I am glad to report that it is now very much in stock! If you have yet to pick up a copy, here is how you might obtain it, in order of What Would Be Most Pleasing To Me (but really, you can get it however is most convenient for you):
Order at your local indie! Some of my favorites: Kepler’s Books in Menlo Park, The Booksmith in San Francisco, Mysterious Galaxy in San Diego, Porter Square Books in Cambridge, and Harvard Book Store, also in Cambridge. In many places it will need to be special ordered, but I would absolutely love it if you could get my book and support local businesses at the same time. ❤️
Get a copy from Bookshop.org, which supports local bookstores.
Order directly from my publisher, Small Beer Press.
You can also get it from Amazon or Bookdepository.
If you are in the Philippines, you can place a special order with Fully Booked by emailing orders@fullybookedonline.com.
And if you prefer ebooks, you can get in your preferred format from Weightless Books.
I am obviously completely biased but my cover is so lovely that whenever someone shares a post of my book I just go UGH!! That cover is SO PRETTY!! (I think I would feel this way even if the book wasn’t mine, but we’ll never know. Certainly that’s how I felt when I first saw Alexa Sharpe’s illustration!) Anyway, please find below a picture of me posing with the first author copies I received. It really did make me very happy to hold it, though in my usual way I was also slightly dazed.
I wanted to share a couple of neat things that have come out since:
(1) Over at Tor.com, Maya Gittelman wrote a really generous and beautifully worded review of the book:
Then there are the stories that don’t so much as sink their teeth in you, but make you look down and realize there have always, in fact, been teeth in you. There in the meat of your thigh, perhaps, digging. Insatiable. […] Vicious, vindicating, and visceral at once, Never Have I Ever balances compulsively readable humor with the good, transformative sort of devastation. This is a truly powerful, propulsive collection, exploring the makings and reshapings of myth, and the myriad ways we might save each other.
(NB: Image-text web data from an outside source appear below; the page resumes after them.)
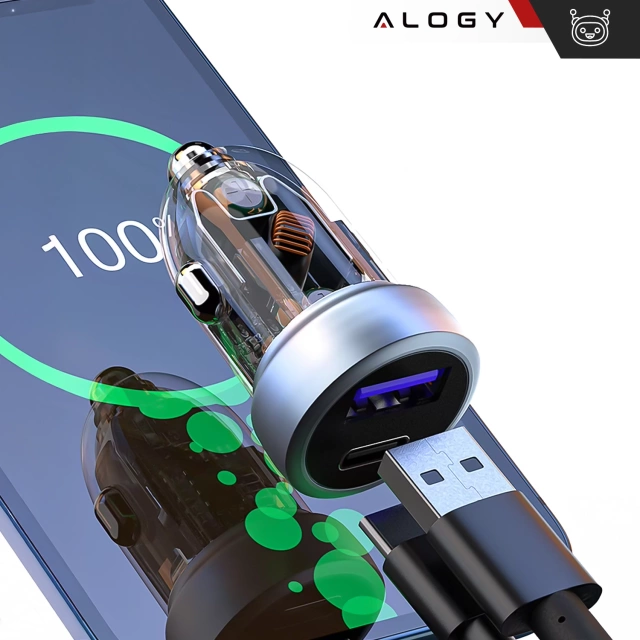 Ładowarka samochodowa Szybkie ładowanie QC3.0 PowerDelivery PD Alogy Car Charger 33W USB USB-C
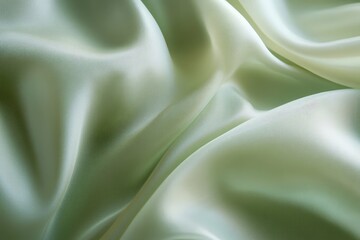 Close-up view of soft, flowing light sage green silk fabric.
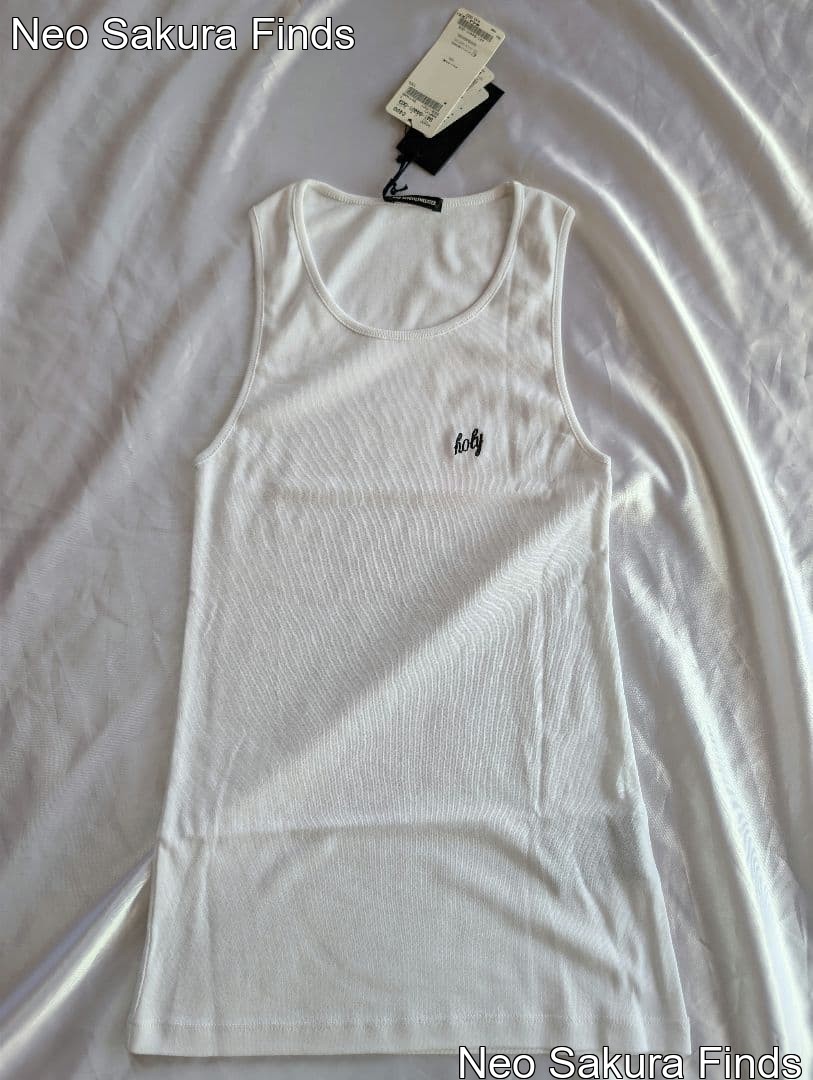ANN DEMEULEMEESTER White Tank Top Size S with Embroidered Logo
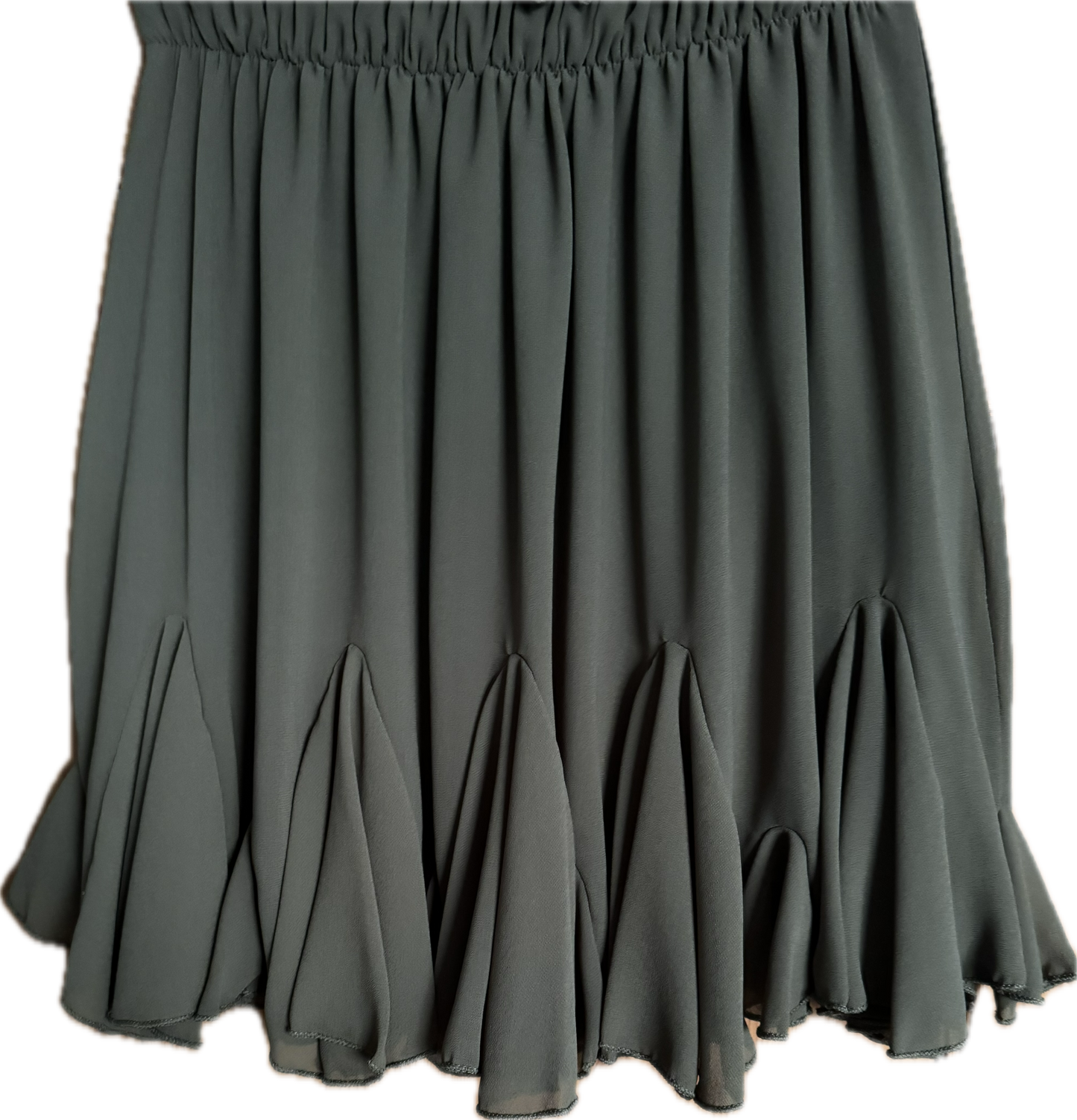 Rock mit aufspringenden Falten, beige und oliv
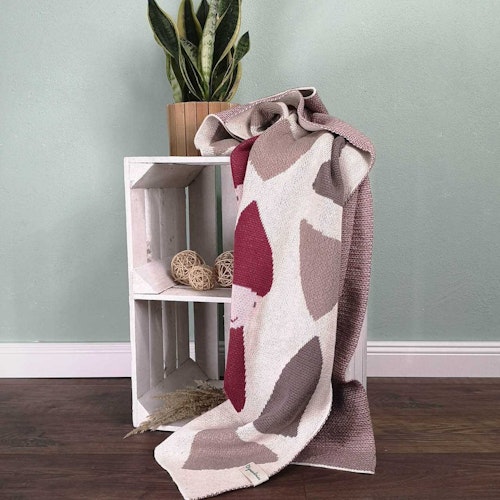 Dicke Babydecke Strick Zwerge und Schnecken 90 x 105 cm
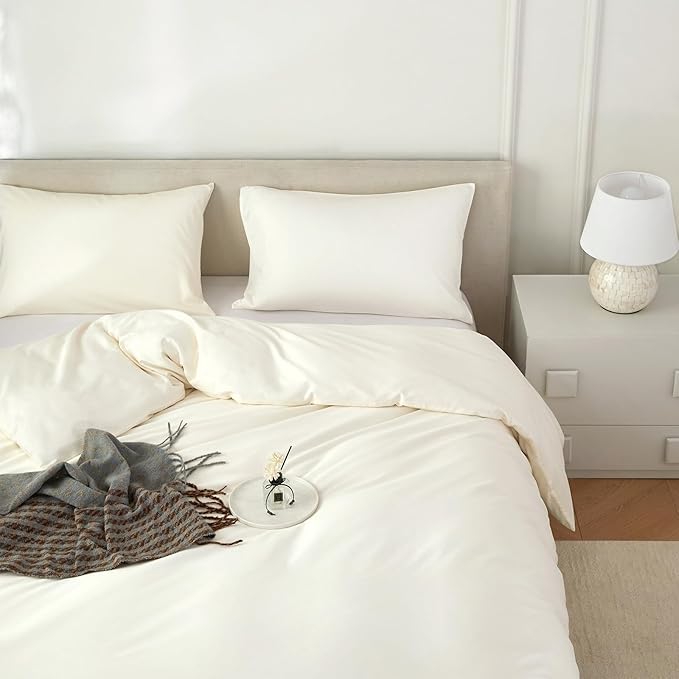 Duvet Cover Queen Size 100% Egyptian Cotton Duvet Cover Set,1600 Thread Count Feel Super Soft Comfortable Chic Lightweight 3 PCs Home Bedding Set (Cream White, 90''x90''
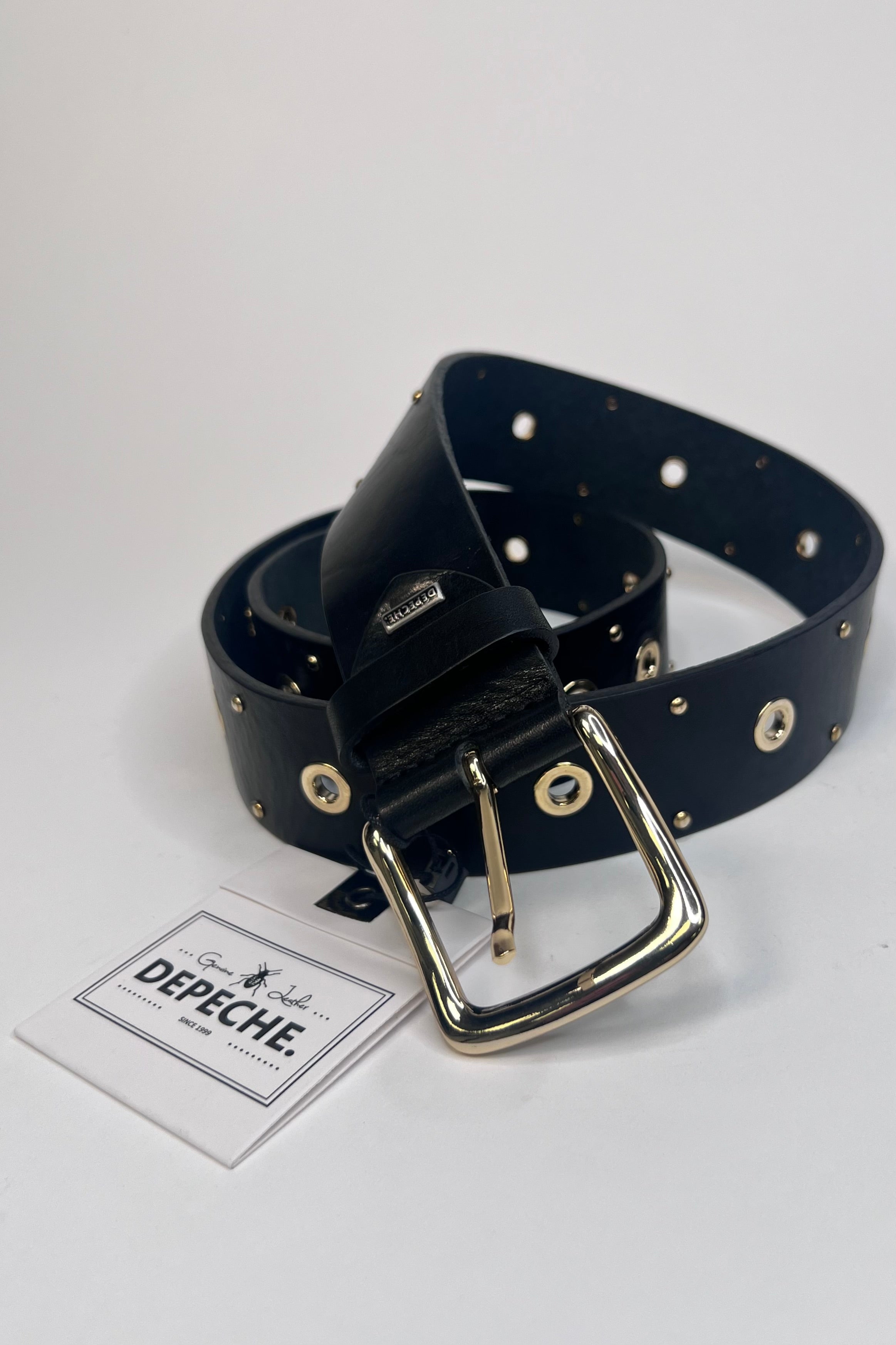 Depeche Black Leather Jeans Belt Gold Hardware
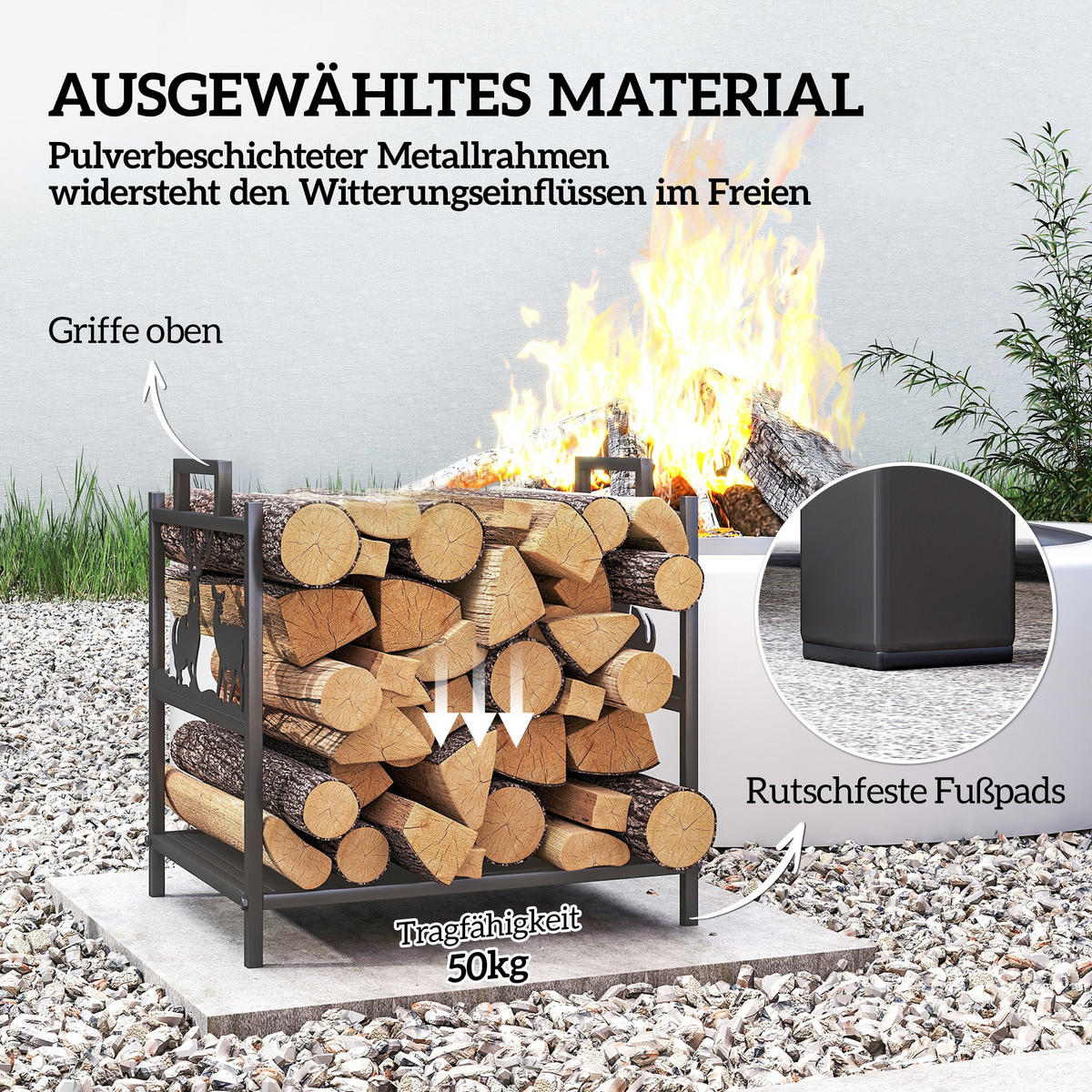 KAMINHOLZREGAL für innen 42,5 x 33,5 x 43 cm Brennholzregal Kaminholzständer - Schwarz, Metall (33.5/43/42.5cm) - Outsunny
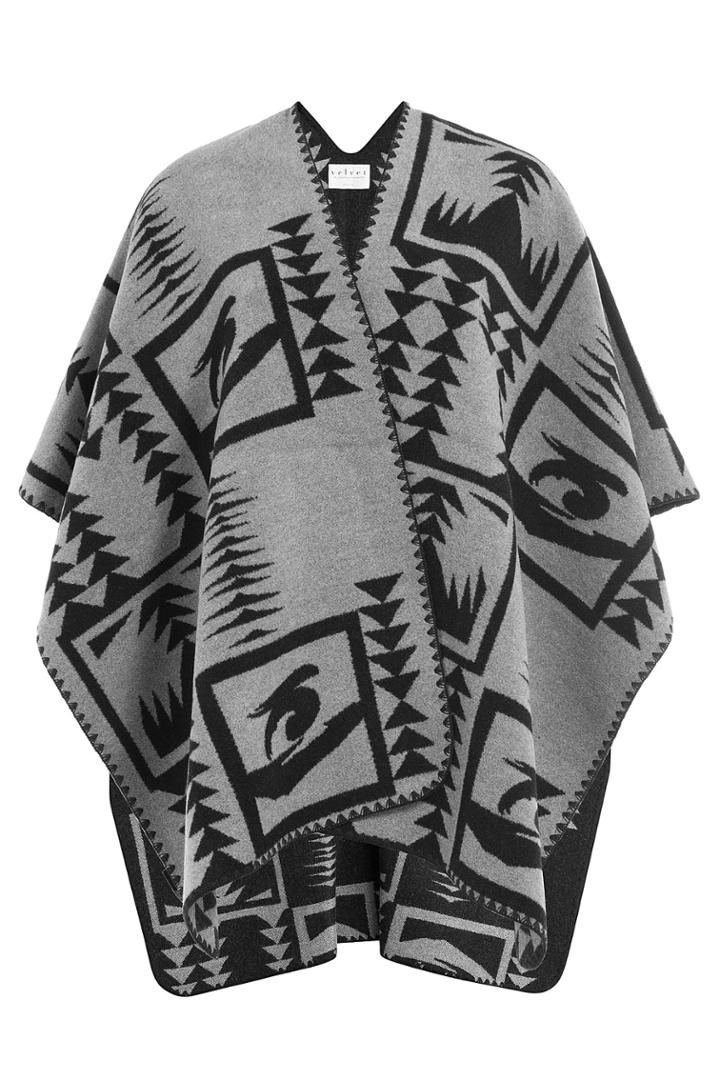 Velvet Velvet Printed Cape With Wool - Grey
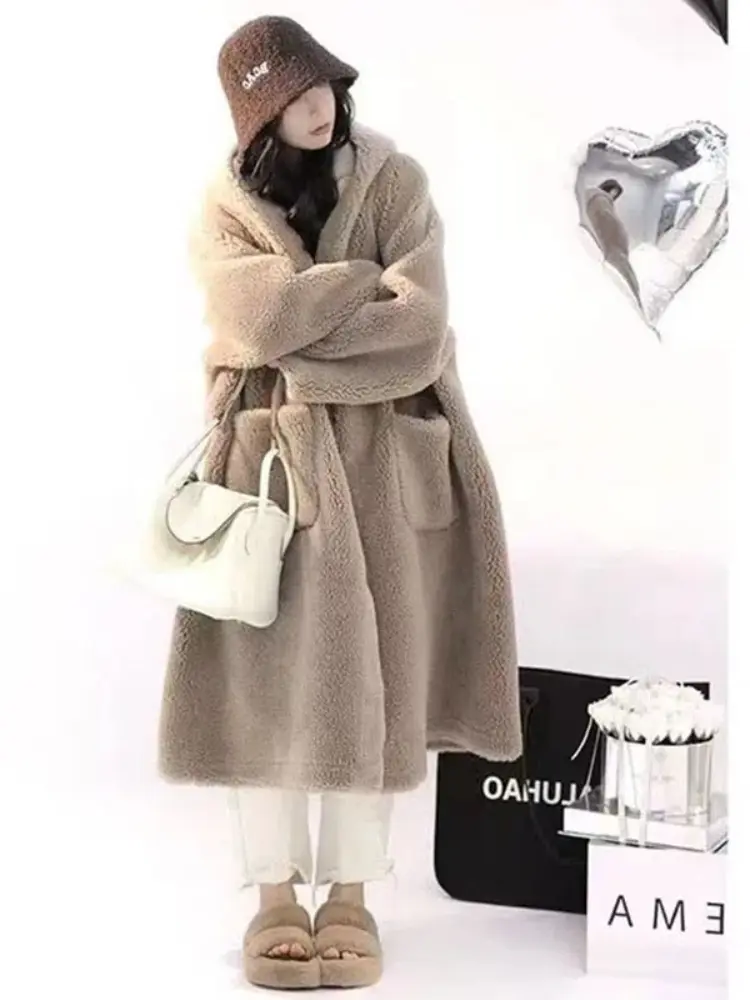 High-grade Solid Color Imitation Lamb Wool Lapel Hood Temperament Woolen Coat Women's Fashion Vintage Roupas Femininas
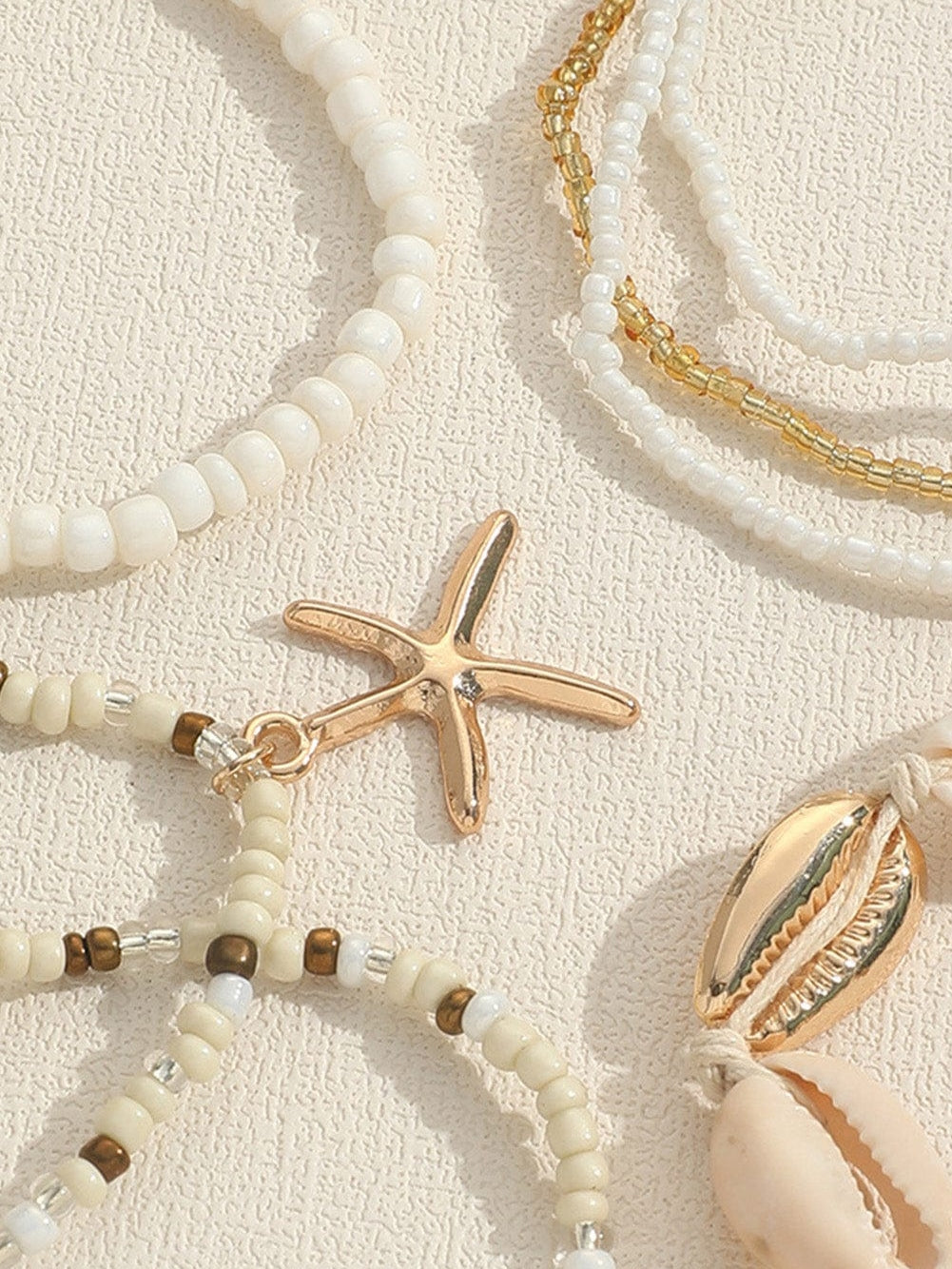 White 7pcs Bohemian Shell Starfish Beaded Bracelets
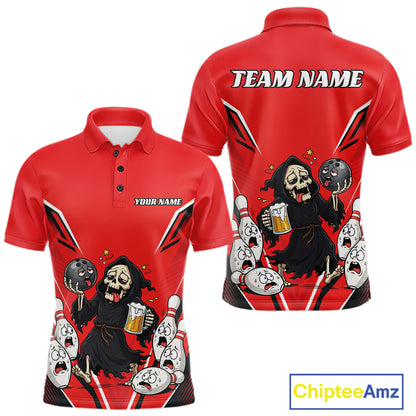 Custom Red Funny Grim Reaper Bowling And Beer Men Polo Shirt, Halloween Bowling Jersey IPHW11948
(2) I published an essay at Lithub about what it was like to be a fictionist while at Harvard Business School; it’s also about my split life, trying to succeed in business and writing at the same time. It was challenging to write, not least because I am so nervous about attempting nonfiction. Also I had to cut about half of what I wanted to say, but I am proud of this piece.
That I loved writing so much, then, posed a challenge. I wanted to write, but I could not imagine writing consistently enough to put food on the table. There would be no audience to sustain it. My writing was too niche, too weird, too Filipino.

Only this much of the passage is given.